Однако время для этого еще не настало. Дискуссия в коммунистическом движении только началась. Поднятые XX съездом проблемы — понимание демократии и социализма и их соотношение, перспективы революционных сил в быстро меняющемся мире, союзы с другими политическими течениями, обновление общества и международной жизни — не имели ответа. Указания XX съезда были лишь первым наброском. События в Польше и Венгрии показали, что изменились как отношения между социалистическими странами, так и их связи с другими социалистическими течениями в мире. Тольятти предсказывал, что коммунистическое движение придет к «полицентрической системе»[49]. Однако он встретил слабую поддержку.
Во время событий 1956 г. внутри социалистической системы обрисовались три полюса: Москва, Пекин и Белград. Хрущев пытался /461/ действовать вместе с обеими другими столицами. Весной того года советско-югославские отношения переживали свой лучший период. После долгого перерыва возобновилось экономическое сотрудничество. В июне 1956 г. Тито совершил визит в СССР. Было опубликовано совместное заявление двух партий, в котором говорилось, что принципы, провозглашенные год назад в Белграде, универсальны для всех социалистических стран, а не только для СССР и Югославии[50]. Однако осуществлять их было трудно, так как советские руководители боялись, что влияние Тито на другие страны народной демократии вызовет центробежные тенденции, способные разрушить их союз в Восточной Европе. Между Москвой и Белградом тут же проявились разногласия по поводу оценки внутреннего положения в Венгрии (это вынудило Тито сказать, что, если бы к нему прислушались вовремя и удалили Ракоши, трагедии можно было бы избежать)[51]. Хотя Белград и согласился на вооруженное вмешательство, будапештская драма оставила горький след в отношениях двух правительств.
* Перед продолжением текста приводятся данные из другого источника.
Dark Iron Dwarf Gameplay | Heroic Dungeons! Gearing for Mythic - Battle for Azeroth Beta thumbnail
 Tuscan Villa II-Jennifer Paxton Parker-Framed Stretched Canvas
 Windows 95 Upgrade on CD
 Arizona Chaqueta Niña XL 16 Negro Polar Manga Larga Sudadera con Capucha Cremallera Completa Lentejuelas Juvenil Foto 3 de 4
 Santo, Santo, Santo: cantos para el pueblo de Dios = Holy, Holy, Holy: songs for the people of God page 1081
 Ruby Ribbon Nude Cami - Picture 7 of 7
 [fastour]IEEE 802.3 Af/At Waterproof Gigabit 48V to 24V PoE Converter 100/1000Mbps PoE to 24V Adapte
Надь, укрывшийся в югославском посольстве, был арестован советскими властями, когда покинул свое убежище[52] (год спустя он был приговорен к смертной казни). Конечно, обиды и подозрения, накопившиеся за годы полемики, не рассеялись. Обвинения возобновились, потому что в советских руководящих кругах распространение югославских идей причислялось к основным причинам кризиса стран народной демократий[53].